CASH ISAS OUT OF FASHION
The fall in cash ISAs comes as the interest rates offered on cash accounts remain stubbornly low – even despite the Bank of England raising interest rates this month, from 0.5% to 0.75%. At the same time inflation, which is the measure of the rising price of goods, has been above the Government’s 2% target for some time. This means much of the money left in cash ISA accounts is seeing its spending power eroded – putting off savers.
The introduction of the personal savings allowance has also dented the popularity of ISAs – both cash and investment accounts. Launched in 2016, this allowance gives an annual tax-free amount for any interest earned on savings: £1,000 tax-free for basic-rate taxpayers or £500 for higher-rate taxpayers (top-rate taxpayers get no allowance). This tax break covers interest on bank and building society accounts, most investments, peer-to-peer lending and corporate and Government bond interest.
This means that the appeal of ISAs, particularly for basic-rate taxpayers, has reduced. However, for those individuals who are likely to move into the next income tax bracket soon, or those fearful of Government change to the personal savings allowance, it could be prudent to start stashing cash away within the ISA wrapper.
WHAT’S HAPPENING WITH JUNIOR ISAS
Junior ISAs continue to be largely invested in cash, which makes little sense for many savers as the money is locked up until the child reaches the age of 18 – making it the ideal long-term investment in many cases.
A total of 57% of Junior ISA money is in cash, a slight improvement on last year, when more than 60% of money was in cash. There has actually been a decrease in the amount held in cash Junior ISA accounts, of £8m, while more than £50m was invested through Junior ISAs.
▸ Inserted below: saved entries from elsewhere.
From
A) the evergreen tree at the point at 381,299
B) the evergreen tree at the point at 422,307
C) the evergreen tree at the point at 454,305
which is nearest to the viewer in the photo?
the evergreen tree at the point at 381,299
Take-up of the accounts has risen for another year, with more than 900,000 children having an account. However, despite the maximum amount you can put in a Junior ISA each year being £4,128, the average subscription for 2017-18 is far below that, at £994. This is the lowest figure recorded since the Junior ISA was launched in 2011.
The first figures have been released for the Lifetime ISA, giving the initial look at how popular the market has been since the newest ISA was launched in April 2017. A total of 166,000 accounts have been opened and £517m saved – averaging £3,114 per account.
The Lifetime ISA can be used to save to buy your first property or to provide a retirement fund, and you can put away £4,000 into the fund each year. It is available in cash and investment options, and the Government adds a 25% bonus to anything you pay in (up to that £4,000 limit).
HOW ARE OTHER PEOPLE INVESTING THEIR ISA?
The Government figures also give an insight into how other people are investing their ISA money, with a breakdown in the types of investments that people have picked.
In the past year there has been a dramatic increase in the number of investors using investment trusts. The total amount people have invested via investment trusts has risen almost 20%, from £14.5bn in 2017 to £17.3bn in 2018.
Alongside this there has also been a slight increase in the amount ISA investors are putting into shares – of 4% over the year - and a 6% increase in the use of funds.
However, investors have become more cautious in the year, as the amount of money left in cash within stocks and shares ISA accounts has risen – by 17%, from £11.4bn to £13.3bn.